Pelagius, Pelagianism

Pelagianism is that teaching, originating in the late fourth century, which stresses man's ability to repent.

 

Pelagius was an eminently moral person, who became a fashionable teacher at Rome late in the fourth century. British by birth, he was a zealous ascetic. Whether he was a monk or not we cannot say, but he clearly supported monastic ideals. In his early writings he argued against the Arians but fired his big guns against the Manichaeans. Their dualistic fatalism infuriated the moralist in him.

 

When the Visigoths surged upon Rome in 410/411, Pelagius sought refuge in Africa. After avoiding an encounter with Augustine, he moved on to Jerusalem, where he gained a good reputation. No one took offense at his teaching.

 

Meanwhile in Africa, Pelagius's pupil Coelestius, a less cautious and more superficial man, had pointedly drawn out the consequences of Pelagius's teaching on freedom. Churchmen in the area of Carthage solemnly charged him with heresy. According to Augustine, Coelestius did not accept the "remission of sins" in infant baptism. Such an assertion of "innocence" of newborn babies denied the basic relationship in which all men stand "since Adam." It was claiming that unredeemed man is sound and free to do all good. It was rendering salvation by Christ superfluous. The keystone of Pelagianism is the idea of man's unconditional free will and his moral responsibility. In creating man God did not subject him, like other creatures, to the law of nature but gave him the unique privilege of accomplishing the divine will by his own choice. This possibility of freely choosing the good entails the possibility of choosing evil.  In other words, when man sins it is not God's fault!

 

Pelagius believed that there are three features in human action: 1) power (posse), 2) will (velle), and the 3) realization (esse). The first comes exclusively from God; the other two belong to man. Thus, as man acts, he merits praise or blame. Whatever his followers may have said, Pelagius himself held the conception of a divine law proclaiming to men what they ought to do and setting before them the prospect of supernatural rewards and punishments. If man enjoys freedom of choice, it is by the express bounty of his Creator; he ought to use it for those ends that God prescribes.

 

The rest of Pelagianism flows from this central thought of freedom. First, it rejects the idea that man's will has any intrinsic bias in favor of wrongdoing as a result of the fall. Since each soul is created immediately by God, as Pelagius believed, then it cannot come into the world soiled by original sin transmitted from Adam. Before a person begins exercising his will, "there is only in him what God has created." The effect of infant baptism, then, is not eternal life but "spiritual illumination, adoption as children of God, citizenship of the heavenly Jerusalem."

 

Second, Pelagius considers grace purely an external aid provided by God. He leaves no room for any special interior action of God upon the soul. By "grace" Pelagius really means free will itself or the revelation of God's law through reason, instructing

us in what we should do and holding out to us eternal sanctions.
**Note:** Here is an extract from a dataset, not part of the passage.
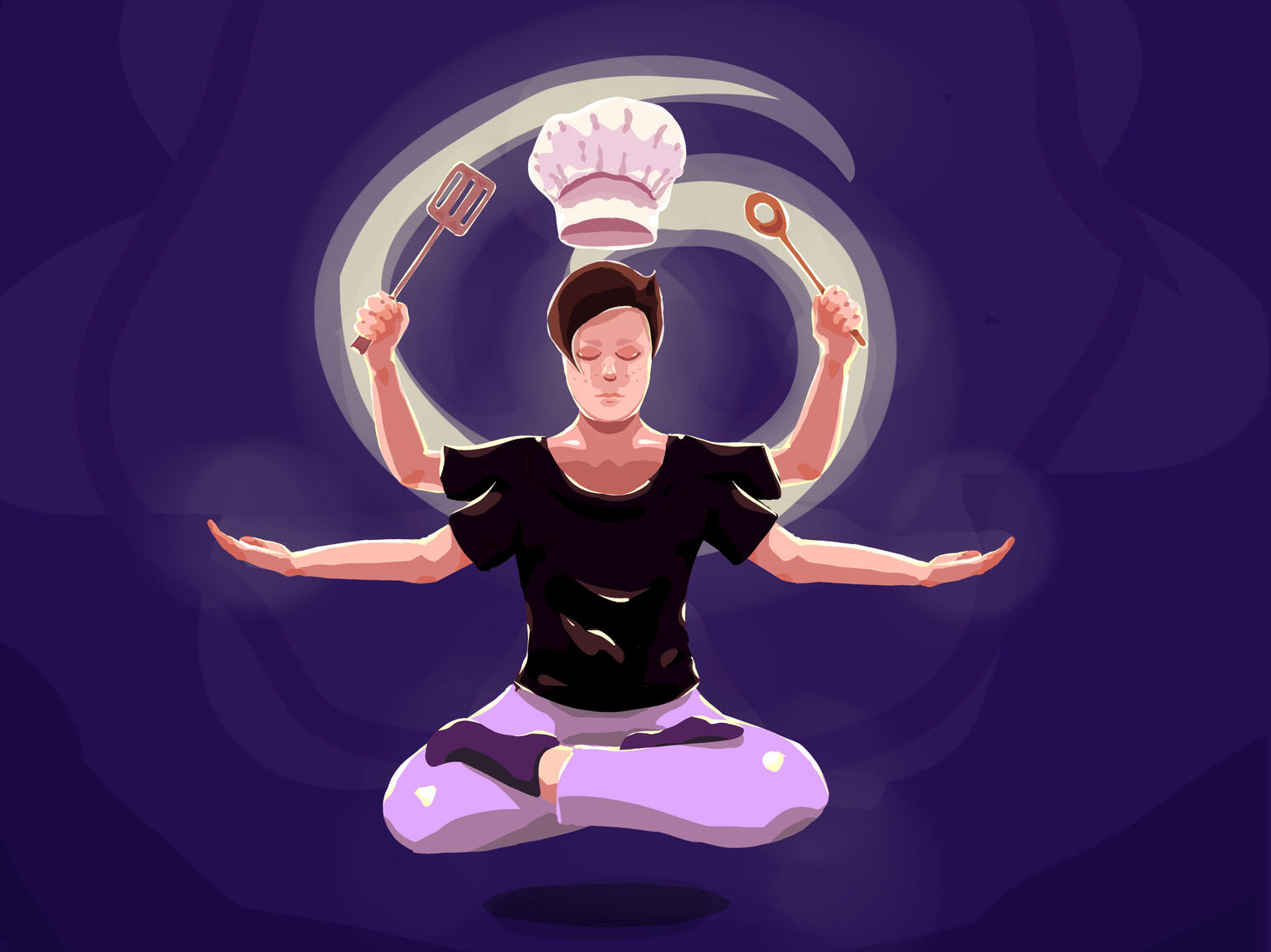 Cooking Poster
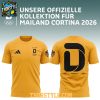 Team Deutschland Milano Cortina 2026 Winter Olympics Hoodie T Shirt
Since this revelation has become obscured through evil customs, grace now includes the law of Moses and the teaching and example of Christ.

 

This grace is offered equally to all. God is no respecter of persons. By obedience to God's Spirit, men advance in holiness. God's predestination operates according to the quality of the lives God foresees men will lead.  It does reflect an awareness of man's high calling and the claims of the moral law.